Baskıncı Hemiolialar, Kelt Avcı Erleri
Yetiştirme Maliyeti | 370 | |
Bakım Masrafı | 74 | |
Menzilli Hasarı | 32 | |
Menzil | 80 | |
Dakikadaki Atış Sayısı | 7 | |
Gemi Sağlığı | 402 | |
Gemi Hızı | 6 | |
Yakın Muh. Saldırısı | 8 | |
Silah Hasarı | 24 | |
Yakın Muh. Savunması | 27 | |
Zırh | 40 | |
Sağlık | 50 |
Kabiliyetler
- Yorgunluk Direnci
- Saklan(çalılık ve orman)
- Alevli Atış
Güçler & Zayıflıklar
- Çok zayıf omurga gücü
- Hafif mürettebat
- Çok yüksek hız
- Zayıf tokmaklama
- Çok zayıf bindirme
- Düşük menzilli çarpışma
- Kısa menzil
- Seri atış hızı
- Çok iyi hasar ve zırh delimi
- Yakın muharebede çok zayıf
- Çok düşük moral
Tanım
Bir buçuk ya da "Hemiolia", Antik dünyada korsanlar tarafından çokça kullanılan hafif bir gemiydi. Uzunluğu boyunca iki tam güverte kürek dizili bir gemi olan biremeden geliştirilmişti. Hemiola, kabaca küreklerin ve kürekçilerin yarısını geminin orta bölümüde bırakarak, üst seviyedeki kürek sayısını düşürdü. Daha az sayıda kürekçinin toplam hız üzerinde çok az etkisi olurdu, çünkü aynı zamanda teknenin yüklü ağırlığı da düşüyordu. Hem kürekler hem de yelkenler kullandığından ve mürettebat, itici güç yöntemini sürekli olarak değiştirebileceğinden, şişman ve zengin tüccar teknelerini kovalamak için çok uygun bir tekneydi. Bindirme saldırıları hemiolaların işiydi; tokmaklama faydalı bir taktik değildi, çünkü ganimet, korsanları zengin etmektense, balıkların işine gelirdi! Hemiolaların hızı ve kullanışlılıkları, onların faydalı gözcüler, erzak tekneleri ve savaşların kenarlarında hasar görmüş düşmanları ortadan kaldırmak için kullanılan tekneler olmalarına yol açtı.

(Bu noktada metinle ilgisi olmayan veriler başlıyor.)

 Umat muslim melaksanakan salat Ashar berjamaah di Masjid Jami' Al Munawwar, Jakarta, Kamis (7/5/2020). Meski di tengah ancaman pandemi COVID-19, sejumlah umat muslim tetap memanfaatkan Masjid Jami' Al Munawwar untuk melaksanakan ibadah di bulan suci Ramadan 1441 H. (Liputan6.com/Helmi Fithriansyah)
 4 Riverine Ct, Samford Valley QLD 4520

Söz konusu Keltler olunca, adam öldürmenin en iyi yolu, göğüs göğüse muharebeydi. Keltler bunun kişisel cesarette büyük değeri olduğunu ve mesafeden öldürmekte hiç bir onur olmadığını düşünürlerdi. Böyle olsa da, sapancılar, ciritçiler ve okçular, yine de savaş meydanında yerlerine sahiptiler. Bu bazı Keltlerin savaşa gidebilmelerinin tek yoluydu: Kelt savaşçıları kendi teçhizatlarını öderlerdi, bu yüzden yalnızca varlıklı olanlar, iyi zırhlara ve silahlara güç yetirebilir ya da onları taşımaya hakları olabilirdi. Avcı erleri genelikle yoksullardı: asiller sınıfına bağlı olarak hizmet eden hür adamlar. Asil efendileriyle aynı mevkiye ulaşmayı asla ümit edemeyecek olsalar da, yine de savaşın kesme ve saplamasında değerlerini kanıtlayabilirlerdi.